Den kulturellen Verlust dokumentieren

„Synagogen in Deutschland – eine virtuelle Rekonstruktion“ zu Gast in Kanada

Die University of Manitoba (Winipeg) und die Ryerson-University (Toronto) stellen in den nächsten Monaten das Projekt der TU Darmstadt „Synagogen in Deutschland – eine virtuelle Rekonstruktion“ aus. Start ist am 28. Januar in Winipeg.

Die „Große Synagoge Glockengasse“ in Köln wurde am 10. November 1938 bis auf die Grundmauern zerstört. Bild: FG Digitales Gestalten / TU Darmstadt
Virtuelle Rekonstruktion der „Großen Synagoge Glockengasse“ in Köln. Bild: FG Digitales Gestalten / TU Darmstadt

Das Projekt geht zurück auf eine Initiative von Dr.-Ing Marc Grellert (Fachgebiet Digitales Gestalten) aus dem Jahre 1994. Wie heute gab es damals eine große Anzahl an Angriffen auf Flüchtlingsheime. Antisemitismus wurde verstärkt sichtbar. So verübten Neonazis im März 1994 einen Brandanschlag auf die Synagoge in Lübeck. Das brachte Marc Grellert auf die Idee, Synagogen, die in der NS-Zeit zerstört wurden, virtuell zu rekonstruieren.

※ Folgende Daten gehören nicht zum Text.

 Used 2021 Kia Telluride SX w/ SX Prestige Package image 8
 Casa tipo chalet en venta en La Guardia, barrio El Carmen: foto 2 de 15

Mit den Rekonstruktionen, die unter der Leitung von Professor Manfred Koob († 2011) und Marc Grellert erfolgten, sollte der kulturelle Verlust aufgezeigt werden. Gleichzeitig gilt es, die bauhistorische Bedeutung der Bauwerke in Erinnerung zu rufen, die Bestandteile deutscher Städte und Straßenbilder waren, Teil der deutschen Kultur. Synagogen aus Bad Kissingen, Berlin, Darmstadt, Dortmund, Dresden, Frankfurt, Hannover, Kaiserslautern, Köln, Langen, Leipzig, Mannheim, München, Mutterstadt, Nürnberg und Plauen sind virtuell in Darmstadt rekonstruiert worden.

Das Projekt geht auch der Frage nach, wie mit Hilfe der Informations- und Kommunikationstechnologien neue Formen des kulturellen Gedächtnisses gebildet und Beiträge zur Erinnerung an den Holocaust geleistet werden können.

Über 60 Studierende der TU Darmstadt haben bisher an den Rekonstruktionen gearbeitet und durch ihren Einsatz das Projekt zum Erfolg getragen. Ergebnisse waren in Ausstellungen des Jüdischen Museums Frankfurt am Main und der Kunst- und Ausstellungshalle in Bonn zu sehen bzw. werden in der Dauerausstellung des Jüdischen Museums Berlin der Öffentlichkeit präsentiert.

Die Wanderausstellung, die bereits im Diaspora Museum in Tel Aviv (Israel) und im Holocaust Memorial Center in Farmington Hills, (USA) zu sehen war, wird organisatorisch begleitet vom Institut für Auslandsbeziehung, eine Unterorganisation des Außenministeriums. Das Generalkonsulat in Toronto und das Auswärtige Amt finanzieren die kanadische Tournee.